20 September 2017 – 7 May 2018

Ground Floor Galleries

The Burrell Collection holds one of the greatest collections of Degas’s works in the world, encompassing pieces from every period of the artist’s career. Rarely seen in public, this will be the first time that most of these works will be shown outside Scotland since they were acquired.

Degas was one of the greatest artistic innovators of his age. He eschewed the traditional subjects and technical conventions of his training to find new ways to depict modern Parisian life. Returning throughout his career to a handful of subjects including the ballet, horse racing, and the private world of women at
their toilette, he pursued a remarkably individual vision, distinct from that of his fellow Impressionists.

Among Degas’s many contributions to the development of art was a relentless experimentation with materials, particularly with the supremely flexible medium of pastel that he came to prefer over oil paint. Pastel became increasingly important to Degas in his later years as brilliant colour became a feature of the contemporary art he admired, and as his own eyesight began to fail. The tactile immediacy and luminous colours characteristic of pastels allowed him to create astonishingly bold works of modern art.

Including complementary works by Degas from the National Gallery Collection, this exhibition offers unique insight into the working practices and preoccupations of a complex and intensely private artist. Marking the centenary of Degas’s death on 27 September 1917, the display is also a fitting tribute to one of the greatest creative forces of late 19th- and early 20th-century French art.

Exhibition organised by the National Gallery in collaboration with the Burrell Collection, Glasgow.

THOMAS COLE: EDEN TO EMPIRE

11 June – 7 October 2018

Ground Floor Galleries
Admission charge

Thomas Cole (1801–1848) was one of the leading American painters of the mid-19th century, but his work is seldom seen outside the United States. This will be the first exhibition to establish Cole as a major global figure in 19th-century landscape art, featuring a rare display of the monumental painting cycle 'The Course of Empire' (1833–36 New-York Historical Society).

Thomas Cole, View from Mount Holyoke, Northampton, Massachusetts, after a Thunderstorm – The Oxbow, 1836 © The Metropolitan Museum of Art, New York

Thomas Cole, 'View from Mount Holyoke, Northampton, Massachusetts', after a Thunderstorm – The Oxbow, 1836 © The Metropolitan Museum of Art, New York

The dialogue between Thomas Cole and European artists of the mid-19th century will be brought to light by the juxtaposition of British-born Cole’s works with those of Joseph Mallord William Turner and John Constable, among others. By exploring the impact of Cole’s journeys to England and Italy between 1829 and 1833, we will gain a better understanding of how his exposure to European painting informed his artistic identity.
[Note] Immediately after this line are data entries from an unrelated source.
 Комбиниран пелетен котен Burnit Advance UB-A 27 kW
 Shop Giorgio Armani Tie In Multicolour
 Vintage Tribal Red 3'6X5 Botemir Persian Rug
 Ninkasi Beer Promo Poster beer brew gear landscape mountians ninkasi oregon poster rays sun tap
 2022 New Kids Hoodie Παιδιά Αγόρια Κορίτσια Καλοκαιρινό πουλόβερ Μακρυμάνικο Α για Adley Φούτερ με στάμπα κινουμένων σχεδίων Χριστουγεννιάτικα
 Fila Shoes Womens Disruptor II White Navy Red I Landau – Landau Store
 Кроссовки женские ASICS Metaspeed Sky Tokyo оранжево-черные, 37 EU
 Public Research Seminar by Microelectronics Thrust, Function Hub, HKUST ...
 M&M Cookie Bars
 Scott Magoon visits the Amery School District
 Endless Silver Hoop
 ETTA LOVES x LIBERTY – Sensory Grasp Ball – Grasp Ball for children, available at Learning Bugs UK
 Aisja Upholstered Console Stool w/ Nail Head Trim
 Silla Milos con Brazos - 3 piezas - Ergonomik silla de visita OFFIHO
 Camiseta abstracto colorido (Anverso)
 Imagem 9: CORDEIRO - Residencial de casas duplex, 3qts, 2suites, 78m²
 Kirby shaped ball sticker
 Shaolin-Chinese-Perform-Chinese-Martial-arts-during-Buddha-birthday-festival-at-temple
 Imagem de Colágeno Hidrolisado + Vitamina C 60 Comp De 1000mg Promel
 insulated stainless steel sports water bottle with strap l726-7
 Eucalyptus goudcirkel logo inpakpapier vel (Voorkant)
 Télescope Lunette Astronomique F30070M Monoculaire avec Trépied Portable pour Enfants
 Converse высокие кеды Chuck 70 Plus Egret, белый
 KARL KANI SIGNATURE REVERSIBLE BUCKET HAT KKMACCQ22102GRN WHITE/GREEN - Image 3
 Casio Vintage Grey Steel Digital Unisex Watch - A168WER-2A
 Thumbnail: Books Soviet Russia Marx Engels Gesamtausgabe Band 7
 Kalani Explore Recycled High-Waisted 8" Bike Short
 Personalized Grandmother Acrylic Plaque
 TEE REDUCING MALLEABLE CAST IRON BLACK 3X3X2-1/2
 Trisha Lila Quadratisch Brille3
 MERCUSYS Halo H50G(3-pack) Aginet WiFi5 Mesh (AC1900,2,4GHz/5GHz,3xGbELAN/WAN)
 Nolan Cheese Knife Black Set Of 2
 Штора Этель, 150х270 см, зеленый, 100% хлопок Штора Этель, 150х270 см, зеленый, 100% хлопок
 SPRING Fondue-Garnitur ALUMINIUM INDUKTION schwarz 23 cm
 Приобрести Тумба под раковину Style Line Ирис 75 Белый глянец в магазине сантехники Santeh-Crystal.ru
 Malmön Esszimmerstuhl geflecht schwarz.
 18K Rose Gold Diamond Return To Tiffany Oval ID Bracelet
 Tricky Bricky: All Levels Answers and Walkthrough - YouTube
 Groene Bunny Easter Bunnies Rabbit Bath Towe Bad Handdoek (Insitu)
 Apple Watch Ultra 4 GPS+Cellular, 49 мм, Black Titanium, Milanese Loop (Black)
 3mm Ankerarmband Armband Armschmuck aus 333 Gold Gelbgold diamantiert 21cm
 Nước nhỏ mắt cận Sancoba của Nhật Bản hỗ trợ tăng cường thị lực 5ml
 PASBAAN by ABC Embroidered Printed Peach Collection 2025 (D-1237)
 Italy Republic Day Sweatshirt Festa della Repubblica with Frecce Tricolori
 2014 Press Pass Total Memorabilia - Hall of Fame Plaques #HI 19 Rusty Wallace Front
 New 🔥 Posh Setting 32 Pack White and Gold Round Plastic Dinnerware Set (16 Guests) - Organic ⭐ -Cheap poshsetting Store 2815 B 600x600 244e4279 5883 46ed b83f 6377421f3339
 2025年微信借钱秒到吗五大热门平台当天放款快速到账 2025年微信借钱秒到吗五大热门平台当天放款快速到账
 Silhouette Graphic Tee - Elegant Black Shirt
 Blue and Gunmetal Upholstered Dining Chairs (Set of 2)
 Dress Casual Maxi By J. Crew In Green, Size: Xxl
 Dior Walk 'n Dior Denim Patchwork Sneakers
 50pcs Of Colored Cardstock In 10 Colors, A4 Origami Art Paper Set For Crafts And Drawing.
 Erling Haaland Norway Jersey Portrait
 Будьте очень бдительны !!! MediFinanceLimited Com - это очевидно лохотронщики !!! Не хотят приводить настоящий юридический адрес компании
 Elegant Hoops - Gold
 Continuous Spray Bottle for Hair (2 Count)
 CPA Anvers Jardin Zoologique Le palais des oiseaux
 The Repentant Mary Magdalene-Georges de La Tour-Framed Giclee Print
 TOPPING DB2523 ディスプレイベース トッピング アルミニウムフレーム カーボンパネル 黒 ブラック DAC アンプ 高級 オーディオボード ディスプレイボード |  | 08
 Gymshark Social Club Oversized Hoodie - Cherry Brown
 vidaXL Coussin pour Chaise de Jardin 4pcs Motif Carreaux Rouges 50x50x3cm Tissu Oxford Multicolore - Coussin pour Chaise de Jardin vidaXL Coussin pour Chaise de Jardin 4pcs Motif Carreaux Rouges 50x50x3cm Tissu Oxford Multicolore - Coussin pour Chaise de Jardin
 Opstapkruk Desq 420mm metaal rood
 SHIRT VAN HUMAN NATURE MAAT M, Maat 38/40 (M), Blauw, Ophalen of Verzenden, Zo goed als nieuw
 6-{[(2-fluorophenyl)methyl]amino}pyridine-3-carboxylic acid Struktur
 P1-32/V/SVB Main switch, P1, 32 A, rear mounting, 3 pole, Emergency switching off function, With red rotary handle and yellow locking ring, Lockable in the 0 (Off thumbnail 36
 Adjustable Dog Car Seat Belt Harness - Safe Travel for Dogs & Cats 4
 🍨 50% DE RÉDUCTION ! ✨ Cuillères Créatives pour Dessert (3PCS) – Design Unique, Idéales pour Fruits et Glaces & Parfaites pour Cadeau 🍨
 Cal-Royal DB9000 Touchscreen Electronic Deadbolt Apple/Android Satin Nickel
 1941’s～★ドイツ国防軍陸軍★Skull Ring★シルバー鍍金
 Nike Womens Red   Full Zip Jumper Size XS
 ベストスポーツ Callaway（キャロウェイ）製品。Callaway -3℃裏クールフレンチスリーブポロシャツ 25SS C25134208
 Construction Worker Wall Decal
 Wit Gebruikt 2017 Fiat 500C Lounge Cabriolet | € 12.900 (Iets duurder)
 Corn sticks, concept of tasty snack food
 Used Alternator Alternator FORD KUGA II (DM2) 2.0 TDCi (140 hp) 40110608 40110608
This exhibition will also provide a vivid new context for 'The Oxbow' (1836, The Metropolitan Museum of Art), a founding masterpiece of American landscape painting which will be on view for the first time in the UK. While traditionally celebrated as a defining work in the history of American painting, 'The Oxbow' is reinterpreted here as the triumphant result of the artist’s self-conscious engagement with European art.

Exhibition organised by the National Gallery and the Metropolitan Museum of Art, New York.

Exhibition sponsored by international law firm, White & Case LLP

Exhibition supported by Terra Foundation for American Art

LORENZO LOTTO PORTRAITS

5 November 2018 – 10 February 2019

Ground Floor Galleries


Lorenzo Lotto was one of the most fascinating artists of the early 16th century. Known predominantly for his portraits and religious paintings, his works are characterised by expressive sensitivity and immediacy. All are recognisable for their deeply saturated colours and bold use of shadow. This will be the first exhibition of Lotto’s portraits in the UK.

Lorenzo Lotto, Marsilio Cassotti and his wife Faustina, 1523 © Museo Nacional del Prado, Madrid

Lorenzo Lotto, 'Marsilio Cassotti and his wife Faustina', 1523
© Museo Nacional del Prado, Madrid

Celebrated as one of the greatest portraitists of the Italian Renaissance, Lotto uniquely portrayed a cross section of middle-class sitters, among them clerics, merchants, and humanists. He depicted men, women, and children in compositions embedded with symbolism and imbued with great psychological depth. The prominent addition of objects which hinted at the social status, interests, and aspirations of his subjects added meaning to each work.

Some of these objects, including carpets, sculpture, jewellery, and other personal belongings will be displayed as part of the exhibition.

A significant amount of information pertaining to Lotto’s sitters is available, mainly due to his partially intact account books which offer details about their identities, the prices of the works, and the ways in which they were created. Some of these documents will also be on view in the exhibition.

Exhibition organised by the National Gallery and the Museo Nacional del Prado, Madrid.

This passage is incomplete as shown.